Los bosques nos hablan de evolución y cooperación

Este articulo nace como un híbrido: mezcla sensaciones y acciones personales con “sensaciones” y “acciones” que tienen lugar en bosques en los que dominan robles. En consecuencia, he pretendido que como colofón terminara como un producto de la hibridación. Una parte esencial del trabajo es fruto personal, pero he propuesto que el final fuera híbrido solicitando la colaboración de tres amigos con quienes hablo mucho, acuerdo bastante y también disiento. Por eso, hay cuatro firmas.

Emilio Muñoz

Por Emilio Muñoz, Victor Ladero, Armando Menéndez Viso y Jesús Rey

Contexto socioambiental

Investigación y Ciencia, la versión española de Scientific American, ha sido la maleta informativa que durante dos décadas (2000-2019) me ha acompañado en el camino seguido por la biotecnología con ASEBIO [1] y su web como vehículo.

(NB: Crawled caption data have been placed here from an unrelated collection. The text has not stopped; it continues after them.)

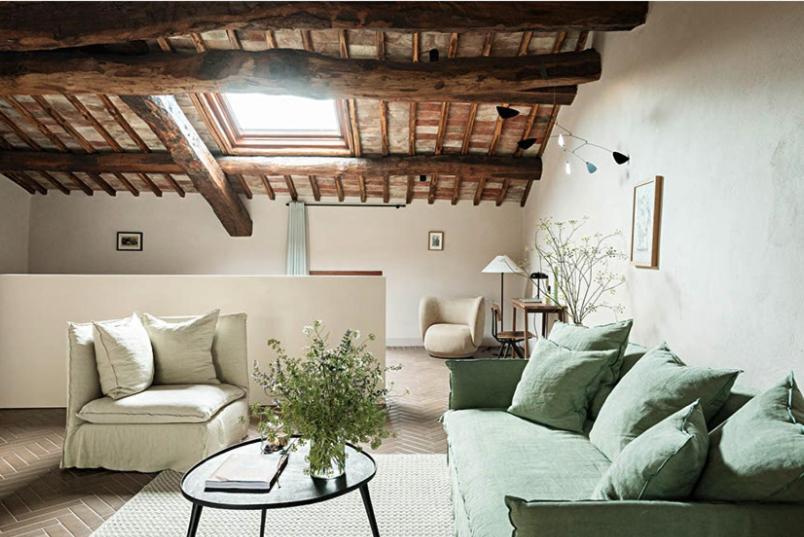 Pieve Aldina Relais & Chateaux Рада ин Шанти Экстерьер фото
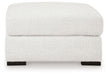 Misty-Lakes - Oversized Accent Ottoman - Chalk – Accent Ottomans by Signature Design by Ashley® at Furniture Wholesale Plus , Nashville furniture store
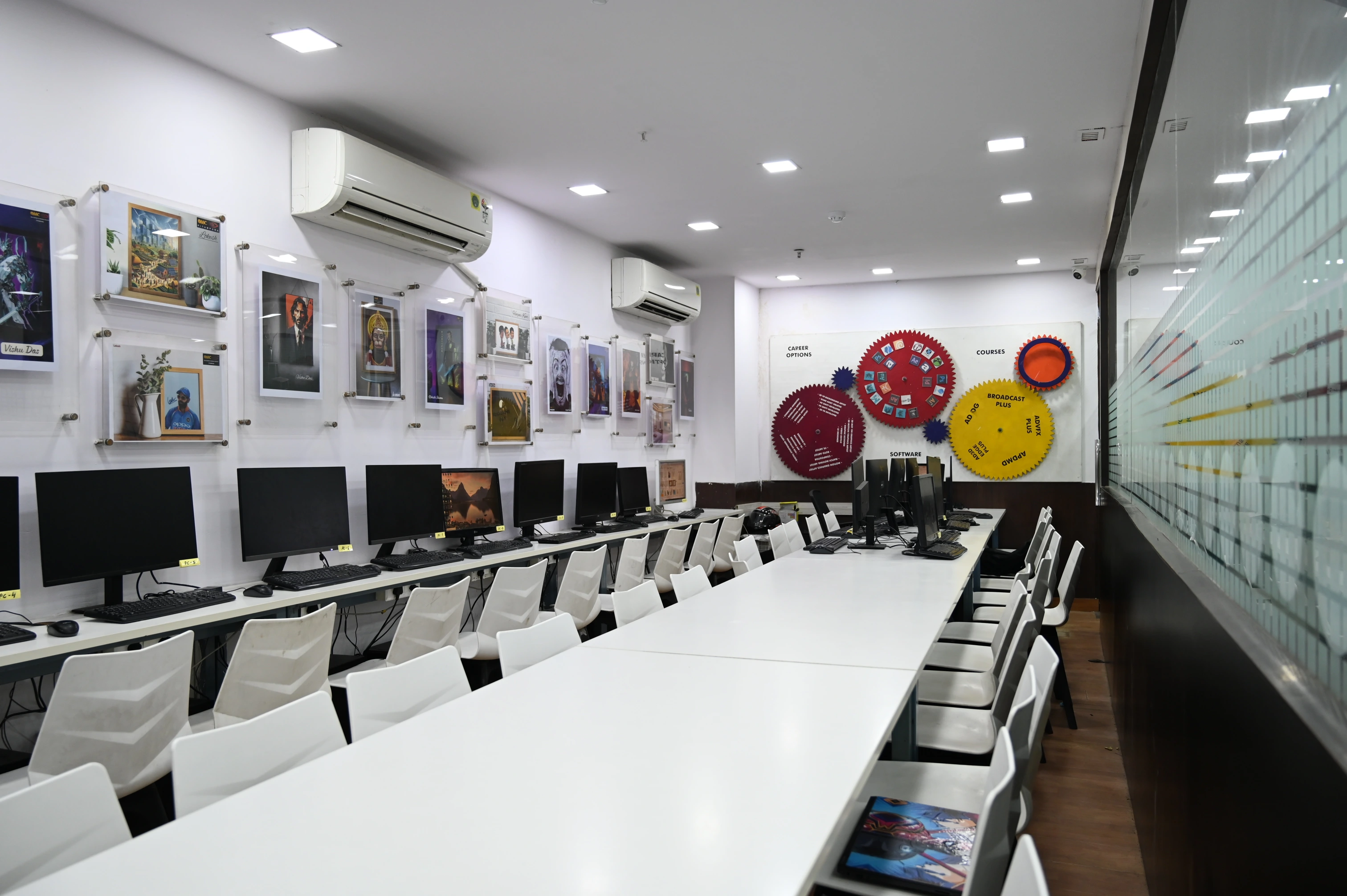 Maac Pitampura Garden Lab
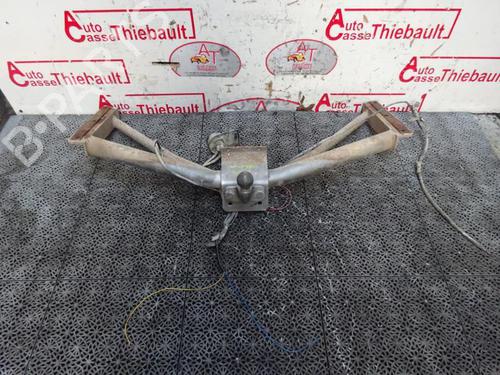 Kule for tilhengerfeste/Mekanisme Kule for tilhengerfeste/Mekanisme NISSAN PATROL GR IV (Y60, GR) 2.8 TD (Y60A) (116 hp) 39903396 39903396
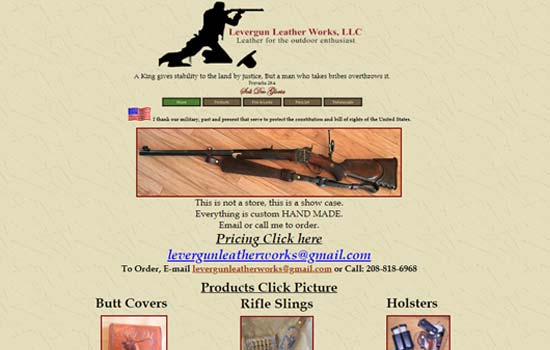 Levergun Leatherworks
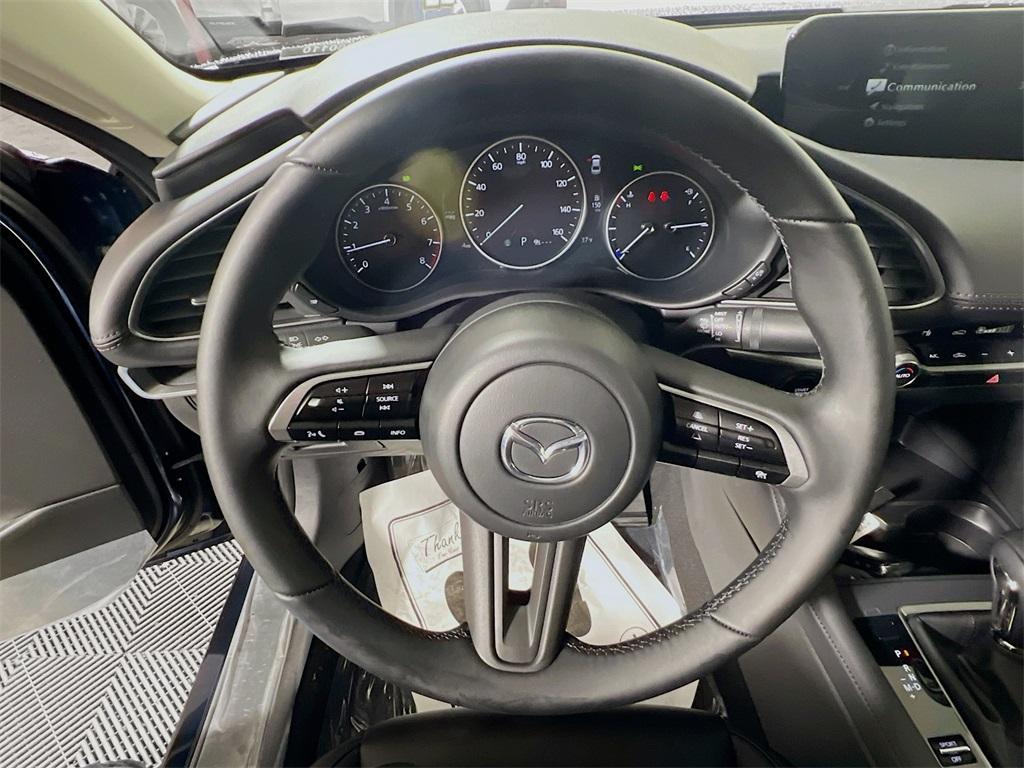 new 2026 Mazda Mazda3 car, priced at $25,550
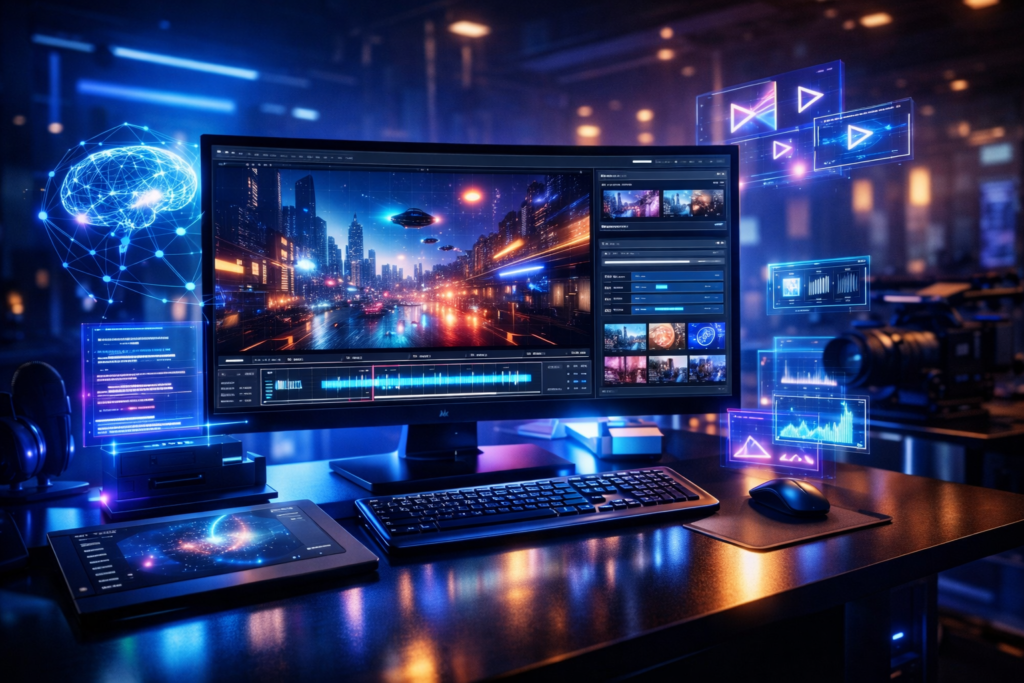 PixVerse AI video generation platform overview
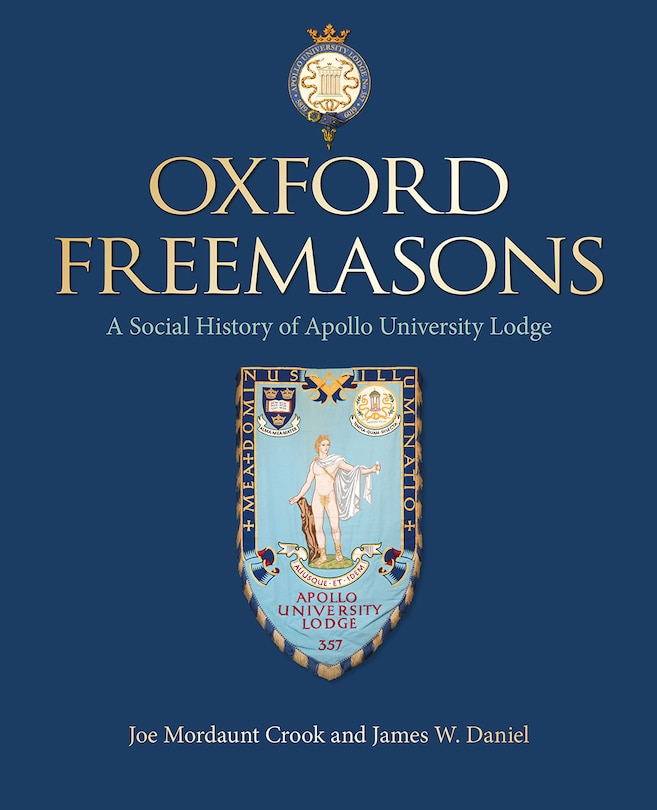 Front cover_Oxford Freemasons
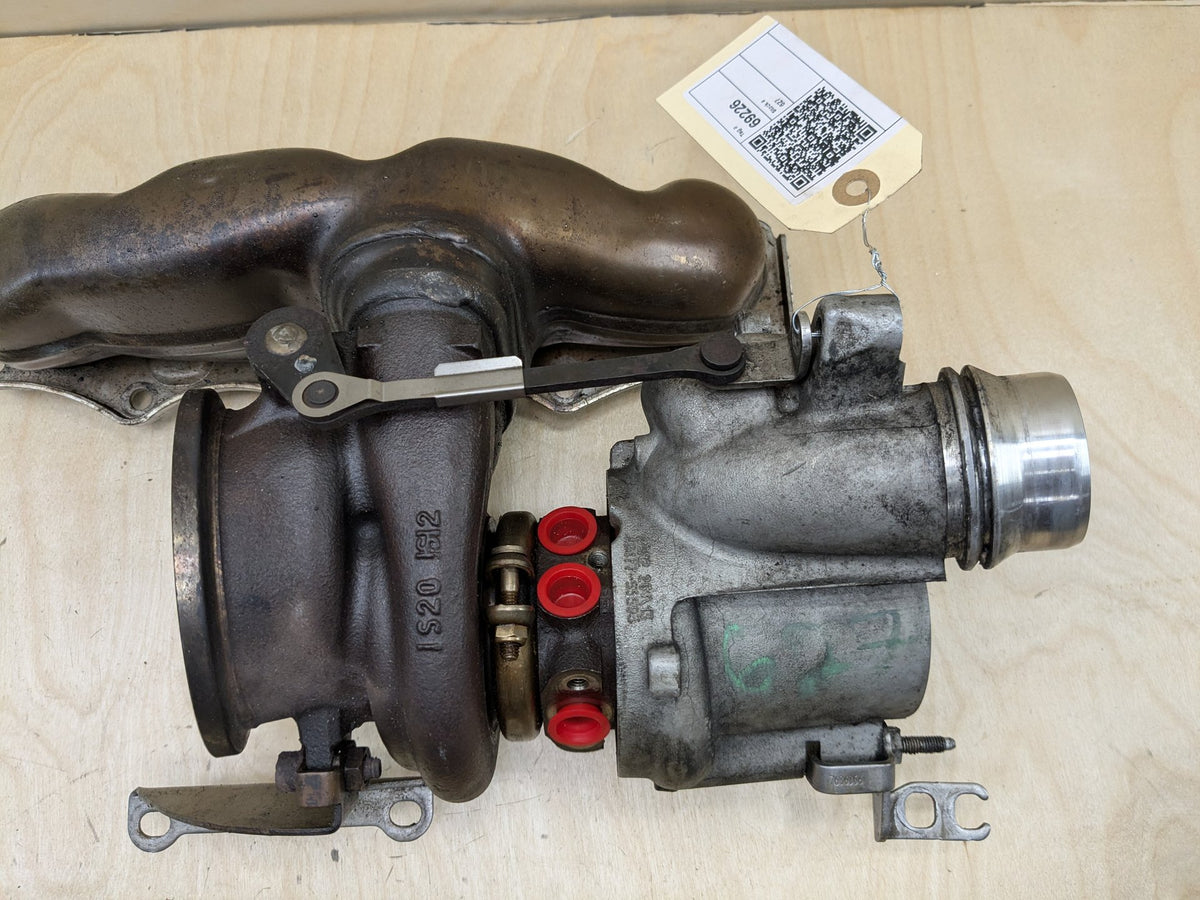 OEM BMW E84 F10 F22 F25 F30 F32 F33 F36 328 428 Engine N20 N26 Turbo Charger EWG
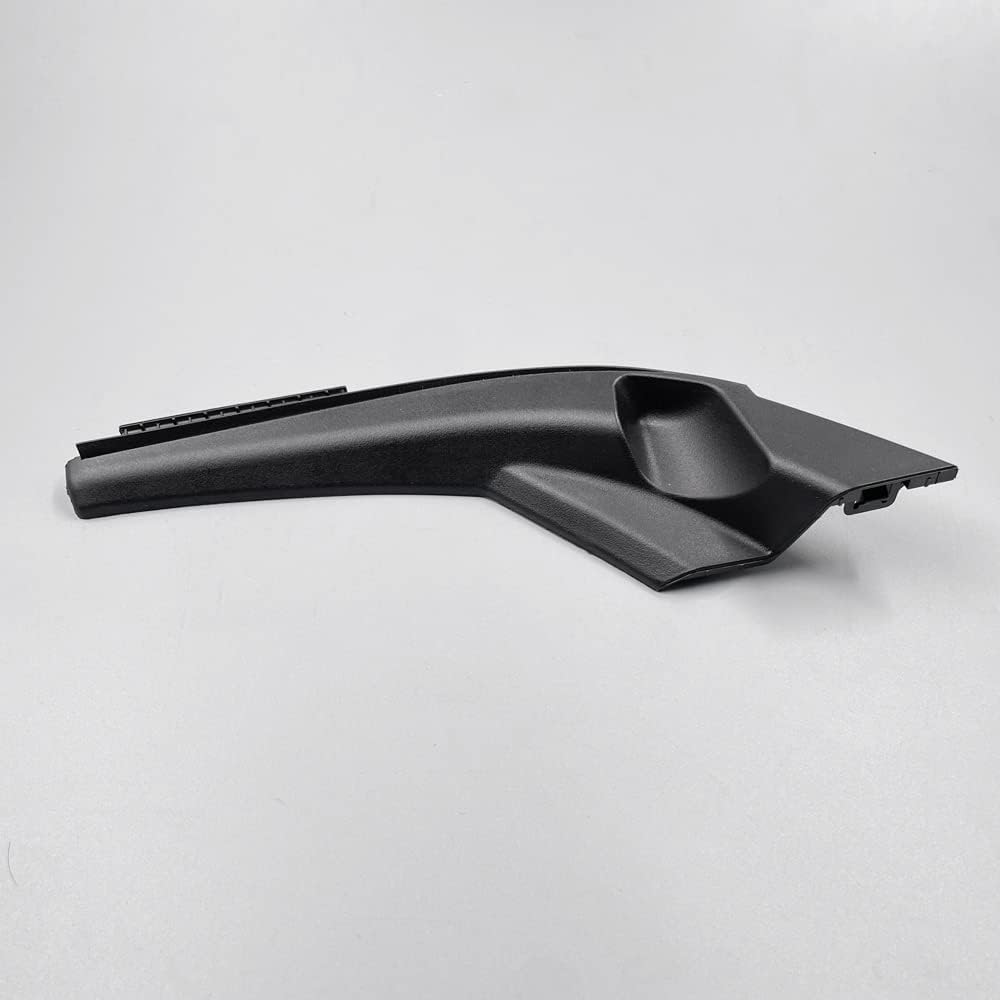 1 Pair Left And Right Hood Hinge Cover Cowl Side Windscreen cover Hood panel Compatible with Honda Fit 2009-2013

Desde que dejé la conexión con ASEBIO en el otoño de 2019, he continuado recibiendo los números de la revista, pero su lectura ha sido más esporádica, circunstancia impuesta por la emergencia de la covid-19, evento que ha acaparado una parte muy importante de los análisis que sobre las relaciones entre ciencia y sociedad, y ciencia y sus accidentes políticos (democracia, información, desigualdad, éticas y el cambio climático) he llevado a cabo en colaboración con Jesús Rey y Victor Ladero a lo largo de los últimos veinte meses.

 

Colaboración con la SER y su efecto catalizador

En la primera semana del mes de marzo de 2021 recibí una invitación por parte del equipo de producción del programa “A vivir que son dos días”, que se emite los fines de semana, para que el domingo 7 compareciera en el subprograma sobre ciencia [2] que el director Javier del Pino realiza con el apoyo fijo de dos connotados divulgadores, Javier Sampedro y Pere Estupinyá. Les había llamado la atención un artículo publicado en el número de octubre de 2020 de Investigación y Ciencia, en el que dos científicos de la Universidad Duke, una de las universidades privadas más destacadas, Brian Hare, un profesor polifacético acreditado en antropología evolutiva, psicología y neurociencia, y Vanessa Woods, investigadora en el Centro de Cognición Canina de la misma universidad, proponían bajo el título La supervivencia del más amable y aplicando el concepto de “autodomesticación humana” que el Homo sapiens se impuso a sus parientes gracias a un proceso de selección natural que habría explorado una explosión de amabilidad en el Pleistoceno tras las glaciaciones, unos 80.000 años antes de Cristo, para promover una valiosa colaboración grupal y con ello dar pie a la emergencia y el desarrollo de las tradiciones culturales y las tecnologías que nos han convertido en los humanos que pueblan (y explotan) la Tierra.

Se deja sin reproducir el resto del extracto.